I was gobsmacked by the obvious today.
I resigned from the Episcopal ordination process, from Postulancy, a little over a year ago. Most of you know that.
I felt a tremendous amount of peace about the decision, felt certain that God was leading me to leave. I left because the denomination didn't seem like the right fit, but I had serious concerns that I would never find a home. Perhaps I was a denominational orphan. I also felt totally cowed by the idea of ever serving another church-- who could want me, used goods that I was? Please understand-- I've felt this way for over a year. This has been deeply painful. I didn't fall out of love with the table or the font, I still read more theology and spirituality books than anything else, and church is still exciting to me-- but denominations can feel so clubby to start with, and I didn't grow up in one denomination, and then I left a denomination: who could want me?
On top of which, I don't have a single tidy reason for leaving. I have a number of reasons, but they're not cohesive, and many of the crappy parts of my Process were just bizarre and don't necessarily reflect on the wider Episcopal church. I could not possibly have proceeded, but many other marvelous people do.

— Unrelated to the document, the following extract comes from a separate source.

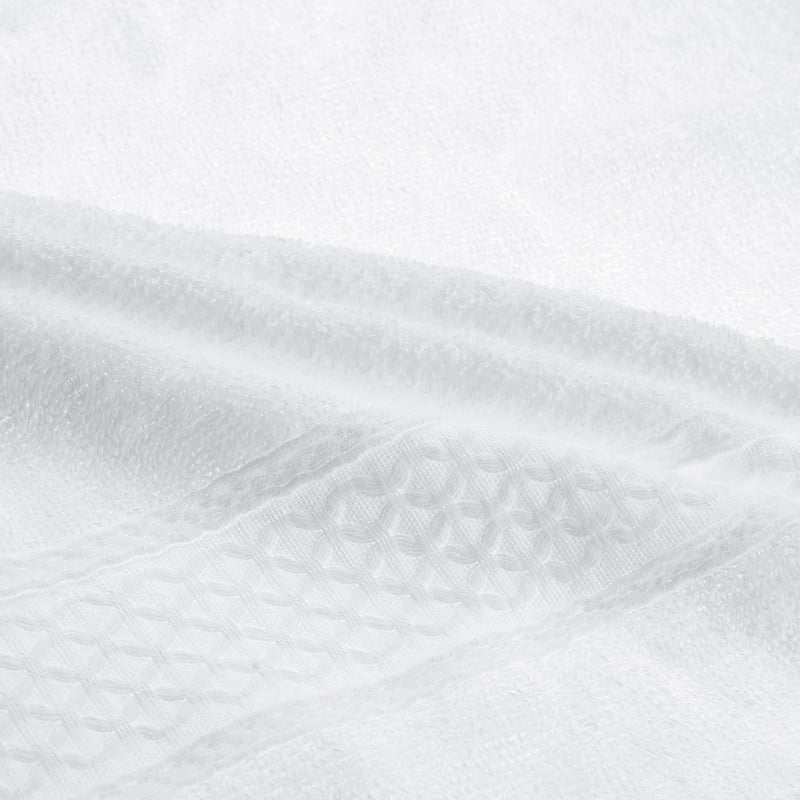 Cotton Dish Clothes, Thick and Absorbent Kitchen Towels, Plain Towels, 13 X13 Inches - White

Somehow today I got bonked over the head with another perspective: What if "no" is an active miracle? What if there are a lot of answers to "Why did you leave?" because God was working on more than one front to steer me somewhere else? (I envision God as herding dog in this particular context.) If God can use a big fish to guide Jonah, surely God can use all sorts of situations to redirect me.
The sermon I heard this morning had a lot to do with forgiveness and second chances. I thought about it all day, about the second chances I've experienced in my own life. In every case, those second chances brought something better than I'd hoped for on the first go round.
I believe that God is active in our lives. I don't know how, and I don't know why bad things happen, but I do believe that God is active in our lives.
Perhaps it would be helpful to look at the closed door itself as an active miracle of God's love, rather than believing that only the opening window that follows is God's doing.
Have you had any experience with this?